RISHIKESH: In the midst of a sea of survivors at the Rishikesh bus terminal, a nine-year-old rushed about with a carton in one hand swiftly picking empty cans, bottles and paper bags. His mother followed him. She too went about quietly collecting the waste lying around. Contributing to the relief exercise the mother and son from Germany are in no rush to catch the first flight to the comfort of their home and have instead stationed themselves here doing whatever is required. But their concern for the environment at the camp strewn with plastic bottles, paper plates, empty cartons brings to the fore the reality that the nation, despite the disaster in the hill state, is yet to learn to respect nature.

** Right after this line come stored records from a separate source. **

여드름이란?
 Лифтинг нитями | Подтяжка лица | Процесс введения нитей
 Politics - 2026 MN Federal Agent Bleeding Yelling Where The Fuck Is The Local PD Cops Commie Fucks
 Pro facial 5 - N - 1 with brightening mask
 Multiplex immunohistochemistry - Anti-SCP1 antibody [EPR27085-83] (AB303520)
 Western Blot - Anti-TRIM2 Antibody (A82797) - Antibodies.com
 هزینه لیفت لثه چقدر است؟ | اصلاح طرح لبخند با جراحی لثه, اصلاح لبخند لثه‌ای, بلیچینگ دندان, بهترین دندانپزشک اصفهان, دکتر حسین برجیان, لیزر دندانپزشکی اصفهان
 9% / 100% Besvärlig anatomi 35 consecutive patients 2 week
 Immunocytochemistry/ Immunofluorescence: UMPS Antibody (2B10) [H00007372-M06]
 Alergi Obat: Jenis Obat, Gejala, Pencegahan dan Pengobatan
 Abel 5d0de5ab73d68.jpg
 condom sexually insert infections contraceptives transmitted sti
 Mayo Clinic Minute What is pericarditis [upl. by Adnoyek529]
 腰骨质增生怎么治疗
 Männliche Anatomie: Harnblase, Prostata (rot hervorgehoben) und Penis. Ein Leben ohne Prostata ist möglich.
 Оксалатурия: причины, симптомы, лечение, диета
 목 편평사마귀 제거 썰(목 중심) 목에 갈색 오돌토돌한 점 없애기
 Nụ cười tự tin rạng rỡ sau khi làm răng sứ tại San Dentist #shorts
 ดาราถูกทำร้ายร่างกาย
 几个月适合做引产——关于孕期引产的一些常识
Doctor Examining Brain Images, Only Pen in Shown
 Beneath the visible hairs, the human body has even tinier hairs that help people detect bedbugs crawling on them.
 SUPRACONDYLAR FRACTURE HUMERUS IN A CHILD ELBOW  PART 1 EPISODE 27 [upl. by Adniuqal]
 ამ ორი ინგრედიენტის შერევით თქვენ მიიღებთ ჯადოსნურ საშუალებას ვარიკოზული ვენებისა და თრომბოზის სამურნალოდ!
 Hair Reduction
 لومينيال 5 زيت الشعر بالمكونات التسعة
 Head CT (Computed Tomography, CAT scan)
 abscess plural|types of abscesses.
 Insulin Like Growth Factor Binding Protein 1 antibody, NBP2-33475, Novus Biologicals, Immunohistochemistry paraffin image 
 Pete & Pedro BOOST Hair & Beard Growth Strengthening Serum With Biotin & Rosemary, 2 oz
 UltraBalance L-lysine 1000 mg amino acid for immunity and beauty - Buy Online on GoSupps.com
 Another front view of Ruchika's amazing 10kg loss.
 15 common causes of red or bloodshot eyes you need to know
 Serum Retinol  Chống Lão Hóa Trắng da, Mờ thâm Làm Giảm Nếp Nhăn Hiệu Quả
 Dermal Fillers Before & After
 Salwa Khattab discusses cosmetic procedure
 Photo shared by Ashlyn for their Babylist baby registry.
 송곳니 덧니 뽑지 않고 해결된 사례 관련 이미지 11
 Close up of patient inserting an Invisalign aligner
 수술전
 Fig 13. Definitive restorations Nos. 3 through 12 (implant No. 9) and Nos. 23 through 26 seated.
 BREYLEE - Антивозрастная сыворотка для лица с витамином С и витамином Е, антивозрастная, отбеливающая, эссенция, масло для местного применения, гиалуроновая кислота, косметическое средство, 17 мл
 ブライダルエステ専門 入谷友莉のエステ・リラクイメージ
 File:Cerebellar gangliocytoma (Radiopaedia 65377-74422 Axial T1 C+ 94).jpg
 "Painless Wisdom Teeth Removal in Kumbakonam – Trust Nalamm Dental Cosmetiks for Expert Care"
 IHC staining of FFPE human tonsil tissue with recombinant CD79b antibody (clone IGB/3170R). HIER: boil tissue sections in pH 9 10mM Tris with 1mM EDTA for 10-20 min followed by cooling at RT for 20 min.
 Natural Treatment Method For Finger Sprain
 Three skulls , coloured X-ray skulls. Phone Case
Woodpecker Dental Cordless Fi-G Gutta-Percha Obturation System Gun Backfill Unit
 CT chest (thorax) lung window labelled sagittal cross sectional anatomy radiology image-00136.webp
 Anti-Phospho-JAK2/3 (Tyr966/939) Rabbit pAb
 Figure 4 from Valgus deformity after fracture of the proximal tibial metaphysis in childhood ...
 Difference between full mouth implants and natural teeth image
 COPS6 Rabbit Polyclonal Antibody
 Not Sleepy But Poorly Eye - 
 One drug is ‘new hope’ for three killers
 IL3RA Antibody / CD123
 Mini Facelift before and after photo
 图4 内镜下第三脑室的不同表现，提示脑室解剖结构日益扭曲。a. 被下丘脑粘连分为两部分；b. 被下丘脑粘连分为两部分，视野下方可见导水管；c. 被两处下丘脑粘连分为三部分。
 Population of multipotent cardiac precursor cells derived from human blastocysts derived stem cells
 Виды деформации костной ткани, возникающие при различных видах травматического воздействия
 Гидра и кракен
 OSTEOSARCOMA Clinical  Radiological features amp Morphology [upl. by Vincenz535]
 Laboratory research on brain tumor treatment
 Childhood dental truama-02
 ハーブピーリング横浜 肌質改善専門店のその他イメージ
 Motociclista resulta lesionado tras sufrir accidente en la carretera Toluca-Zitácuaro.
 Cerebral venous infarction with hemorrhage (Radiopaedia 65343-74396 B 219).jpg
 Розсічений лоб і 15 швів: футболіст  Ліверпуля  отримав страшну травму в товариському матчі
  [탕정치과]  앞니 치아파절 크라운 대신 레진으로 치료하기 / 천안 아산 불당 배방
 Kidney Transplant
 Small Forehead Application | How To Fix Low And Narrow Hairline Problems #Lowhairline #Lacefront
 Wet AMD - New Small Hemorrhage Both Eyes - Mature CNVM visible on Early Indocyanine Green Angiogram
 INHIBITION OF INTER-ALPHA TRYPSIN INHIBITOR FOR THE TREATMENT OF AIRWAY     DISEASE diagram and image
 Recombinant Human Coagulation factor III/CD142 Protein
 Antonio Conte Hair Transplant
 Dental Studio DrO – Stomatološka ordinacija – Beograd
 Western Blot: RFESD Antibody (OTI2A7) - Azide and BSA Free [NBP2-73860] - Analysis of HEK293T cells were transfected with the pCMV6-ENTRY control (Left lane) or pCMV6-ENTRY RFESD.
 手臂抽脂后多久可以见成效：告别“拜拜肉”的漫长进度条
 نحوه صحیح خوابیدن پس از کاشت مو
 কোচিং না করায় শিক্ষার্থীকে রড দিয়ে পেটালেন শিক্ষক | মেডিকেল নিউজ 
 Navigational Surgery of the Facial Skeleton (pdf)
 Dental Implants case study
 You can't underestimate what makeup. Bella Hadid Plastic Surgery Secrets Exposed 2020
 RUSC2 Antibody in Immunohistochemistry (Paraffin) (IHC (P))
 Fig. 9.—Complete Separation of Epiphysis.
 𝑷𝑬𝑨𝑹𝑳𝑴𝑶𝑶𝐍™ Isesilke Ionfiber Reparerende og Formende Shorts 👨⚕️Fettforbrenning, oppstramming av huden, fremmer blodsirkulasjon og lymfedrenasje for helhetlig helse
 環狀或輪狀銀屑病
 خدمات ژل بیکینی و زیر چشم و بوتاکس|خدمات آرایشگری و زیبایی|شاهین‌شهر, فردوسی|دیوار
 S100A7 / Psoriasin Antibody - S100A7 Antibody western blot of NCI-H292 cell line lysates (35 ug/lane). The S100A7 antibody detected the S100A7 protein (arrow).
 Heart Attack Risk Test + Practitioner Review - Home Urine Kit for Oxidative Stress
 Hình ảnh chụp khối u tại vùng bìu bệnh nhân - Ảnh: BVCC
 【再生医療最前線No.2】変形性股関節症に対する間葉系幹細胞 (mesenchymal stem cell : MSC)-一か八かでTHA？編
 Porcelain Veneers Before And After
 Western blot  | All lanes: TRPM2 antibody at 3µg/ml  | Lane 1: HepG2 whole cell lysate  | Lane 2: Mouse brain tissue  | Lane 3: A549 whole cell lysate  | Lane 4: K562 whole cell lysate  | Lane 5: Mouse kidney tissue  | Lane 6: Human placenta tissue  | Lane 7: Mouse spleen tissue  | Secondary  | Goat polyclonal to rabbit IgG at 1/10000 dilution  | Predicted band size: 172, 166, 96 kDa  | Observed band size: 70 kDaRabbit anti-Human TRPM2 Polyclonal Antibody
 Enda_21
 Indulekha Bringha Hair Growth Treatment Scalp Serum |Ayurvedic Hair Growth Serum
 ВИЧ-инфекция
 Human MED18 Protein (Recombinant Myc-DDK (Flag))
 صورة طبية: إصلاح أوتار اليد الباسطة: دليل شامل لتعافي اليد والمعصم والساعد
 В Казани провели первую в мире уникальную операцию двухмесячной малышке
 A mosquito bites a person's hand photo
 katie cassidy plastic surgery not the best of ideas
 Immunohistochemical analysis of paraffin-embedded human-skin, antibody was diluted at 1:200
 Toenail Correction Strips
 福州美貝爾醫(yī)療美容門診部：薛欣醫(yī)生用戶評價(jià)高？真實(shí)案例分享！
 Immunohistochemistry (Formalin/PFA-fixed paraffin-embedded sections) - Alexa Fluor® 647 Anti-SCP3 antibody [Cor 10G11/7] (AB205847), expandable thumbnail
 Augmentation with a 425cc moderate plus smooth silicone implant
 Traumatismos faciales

So far 35,000 survivors have registered with the administration, SDM Riskhikesh Ramji Saran Sharma told TOI on Wednesday. Rishikesh is the main transit point that evacuees have been brought to the last three days to catch buses, trains and flights from Dehradun. A sense of charity permeates the relief camps around these exit points with much relief work going on. But the environment is getting filthier every passing day. Dustbins are brimming, people are throwing plastic bottles in storm-water drains and the sites are marked by half-eaten eatables while paper plates are littered all over.
It was this scene that 9-year-old Ramo reacted to on Wednesday when he told his mother he wanted to pick up the waste. NGO workers trying to get people to join the garbage removal exercise along with the sanitation staff were only too happy to provide Ramo and his mother with gloves to pitch in. As the mother picked up glasses, Ramo dived under chairs and tables pulling out what he could find. He had no time to talk and only stopped once to ask the NGO worker if the gloves were safe. His mother said her name was Kamala and they'd had been living in different parts of India over the last few years.
The mother and son were in the upper reaches near Gangotri till a few days ago when they came down to Rishikesh. She said that Ramo studies in Rishikesh but will now be going to Europe to be with his grandmother for a while.

DEHRADUN: A white girl picks up plastic cups, paper plates and waste at the busy Sahastradhara helipad where survivors of the Himalayan tsunami are being flown in.
With her are some young men who also clean garbage left behind by the crowd that has thronged the helipad for a glimpse of the helicopters. The vicinity of the helipad is spotlessly clean. Meet Jodi Underhill, a 37-year-old Briton who runs the voluntary organization, WasteWarriors. She came to India in 2008 as a tourist and seeing the filth in the hill stations decided to do her bit to clean them up. Apart from helping to clean keep the helipad relief camp clean, which has witnessed a huge influx of relatives of stranded pilgrims, policemen and media contingents, Underhill has started a Facebook page to coordinate relief work and help volunteers. Underhill has a word of caution for those planning to do voluntary work in the devastated region. "You need to train yourself to work in the mountains," she said. Proper equipment is a must. Underhill is angry at the state of the Himalayan region and calls the flash floods a wake-up call. "This is the land of Shiva. It's a warning to people not to destroy the Himalayas."
She said authorities must rethink strategy and take a fresh look at the indiscriminate construction of dams, use of dynamites to blow up parts of mountains. There was a need to regulate tourists in the fragile regions. "You are doing a great job," policemen and officials at the helipad tell her.